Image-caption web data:
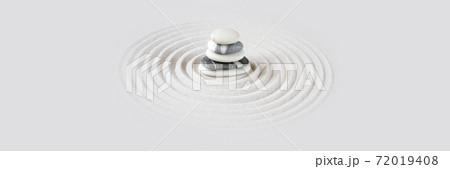 Zen japanese garden background. Horizontal banner Zen japanese garden background. Horizontal banner 72019408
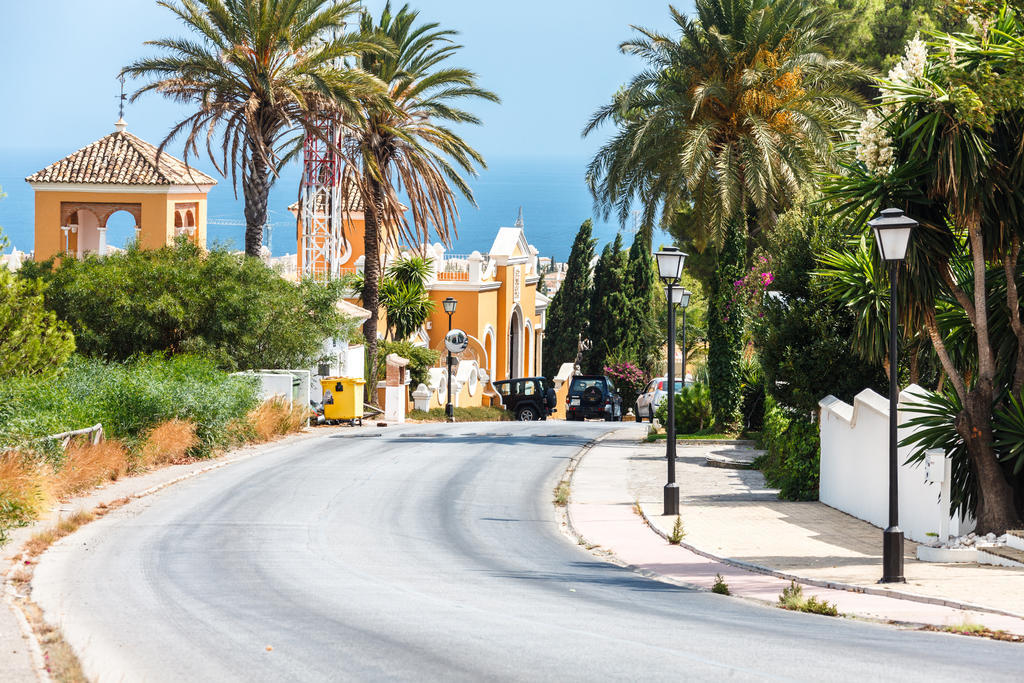 Sechi Aparthotel Marbella - Self Service, With Parking Estepona Exterior photo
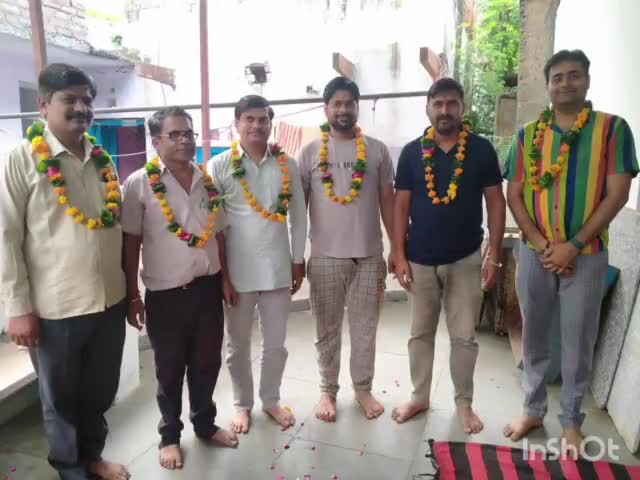 सबलगढ़: सबलगढ़ नगर के देवी मंदिर युवा मंडल के अध्यक्ष पद हेतु समस्त कार्यकारिणी का निर्वाचन हुआ संपन्न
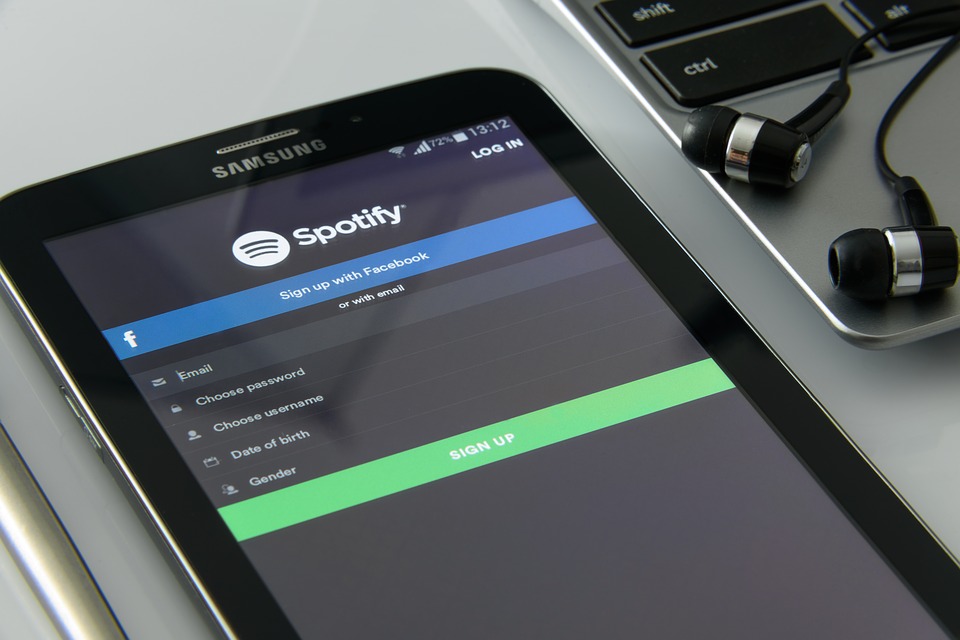 Spotify bloqueará a los usuarios gratuitos que eluden la publicidad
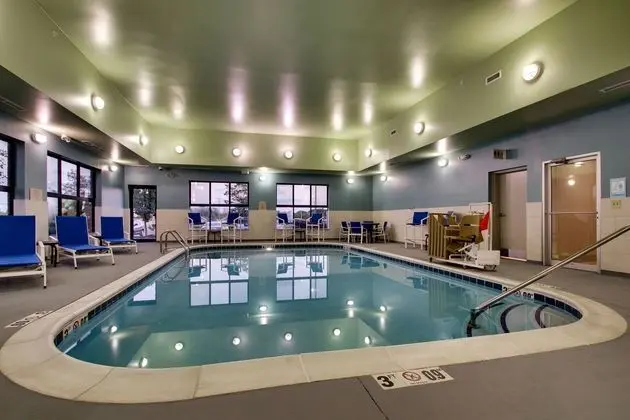 Holiday Inn Express and Suites Morris - Havuz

* [WHAT TO WORK ON] Restate every line of the data above word for word, with the images removed.

* [SOLVED PROBLEM]
 Zen japanese garden background. Horizontal banner Zen japanese garden background. Horizontal banner 72019408
 Sechi Aparthotel Marbella - Self Service, With Parking Estepona Exterior photo
 सबलगढ़: सबलगढ़ नगर के देवी मंदिर युवा मंडल के अध्यक्ष पद हेतु समस्त कार्यकारिणी का निर्वाचन हुआ संपन्न
 Spotify bloqueará a los usuarios gratuitos que eluden la publicidad
 Holiday Inn Express and Suites Morris - Havuz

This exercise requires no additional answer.